\section{Preliminary}
A general-sum Stackelberg game is represented as a tuple $\{\mathcal{A}, \mathcal{B}, \mu_l, \mu_f\}$. $\mathcal{A}$ represents the action set of leader $l$, $\mathcal{B}$ represents the action set of follower $f$, and $|\mathcal{A}|=A$, $|\mathcal{B}|=B$. We denote $\mathcal{A}\times\mathcal{B}$ the joint action set of the leader and the follower. 

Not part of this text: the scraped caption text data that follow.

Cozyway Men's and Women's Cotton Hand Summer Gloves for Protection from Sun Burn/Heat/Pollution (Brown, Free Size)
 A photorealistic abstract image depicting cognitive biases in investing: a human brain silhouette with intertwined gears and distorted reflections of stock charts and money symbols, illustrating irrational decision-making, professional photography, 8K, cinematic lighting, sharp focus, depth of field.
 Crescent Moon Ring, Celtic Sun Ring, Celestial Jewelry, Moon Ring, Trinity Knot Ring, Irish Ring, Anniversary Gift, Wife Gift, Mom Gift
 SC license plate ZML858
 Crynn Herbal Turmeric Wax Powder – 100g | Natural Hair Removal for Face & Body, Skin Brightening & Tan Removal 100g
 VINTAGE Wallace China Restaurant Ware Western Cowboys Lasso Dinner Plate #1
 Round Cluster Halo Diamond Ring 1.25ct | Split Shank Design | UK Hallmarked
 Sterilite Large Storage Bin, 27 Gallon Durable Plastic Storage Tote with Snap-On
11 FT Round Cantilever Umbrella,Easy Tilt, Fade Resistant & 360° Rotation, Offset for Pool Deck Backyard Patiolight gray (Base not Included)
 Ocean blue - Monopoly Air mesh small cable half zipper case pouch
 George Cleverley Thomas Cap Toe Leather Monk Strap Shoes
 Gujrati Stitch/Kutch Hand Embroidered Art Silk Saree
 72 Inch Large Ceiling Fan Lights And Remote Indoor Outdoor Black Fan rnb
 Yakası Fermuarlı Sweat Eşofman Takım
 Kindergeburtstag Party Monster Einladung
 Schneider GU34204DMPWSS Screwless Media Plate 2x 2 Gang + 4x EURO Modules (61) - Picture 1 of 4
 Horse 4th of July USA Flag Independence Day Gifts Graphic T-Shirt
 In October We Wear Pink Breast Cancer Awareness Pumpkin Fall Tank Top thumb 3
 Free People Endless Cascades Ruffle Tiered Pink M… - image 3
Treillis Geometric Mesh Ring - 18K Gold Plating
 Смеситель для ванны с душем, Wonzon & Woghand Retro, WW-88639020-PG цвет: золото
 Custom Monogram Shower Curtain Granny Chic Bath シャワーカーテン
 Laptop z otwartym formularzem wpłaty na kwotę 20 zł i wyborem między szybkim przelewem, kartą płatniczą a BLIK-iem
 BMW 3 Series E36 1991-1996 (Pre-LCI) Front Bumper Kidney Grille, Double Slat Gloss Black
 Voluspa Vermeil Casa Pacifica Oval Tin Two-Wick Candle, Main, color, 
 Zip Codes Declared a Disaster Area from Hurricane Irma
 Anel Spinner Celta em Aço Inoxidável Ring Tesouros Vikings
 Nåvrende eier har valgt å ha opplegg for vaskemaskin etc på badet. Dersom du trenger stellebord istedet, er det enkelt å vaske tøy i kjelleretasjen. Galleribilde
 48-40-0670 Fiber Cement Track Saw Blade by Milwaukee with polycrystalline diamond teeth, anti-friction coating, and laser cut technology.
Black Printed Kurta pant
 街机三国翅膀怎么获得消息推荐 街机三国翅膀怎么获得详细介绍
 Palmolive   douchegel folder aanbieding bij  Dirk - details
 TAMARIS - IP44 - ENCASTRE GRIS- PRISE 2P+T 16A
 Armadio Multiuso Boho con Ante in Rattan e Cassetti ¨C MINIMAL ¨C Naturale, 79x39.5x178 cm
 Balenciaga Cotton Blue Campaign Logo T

For any joint action $(a,b)\in \mathcal{A}\times \mathcal{B}$, we use $r_{l}(a, b) \in [0,1]$ and $r_{f}(a , b) \in [0,1]$ to respectively denote the noisy reward for the leader and the follower, with expectations $\mu_l(a,b) \in [0,1]$ and $\mu_f(a,b) \in [0,1]$. The follower has a response set to the leader's actions, $\mathcal{F}=\{\mathcal{F}(a)|a\in\mathcal{A}\}$, where $\mathcal{F}(a)$ is the response to leader's action $a$. %We also call $\mF$ as the follower's manipulation. 
The follower's \textit{best response} towards $a$ is defined as the action that maximizes the follower's true reward:
\begin{equation}
\mathcal{F}_{br}(a) = \argmax_{b\in\mB} \mu_f(a,b),
\end{equation}
We denote $\mathcal{F}_{br}=\{\mathcal{F}_{br}(a)|a\in\mathcal{A}\}$ as the best response set. 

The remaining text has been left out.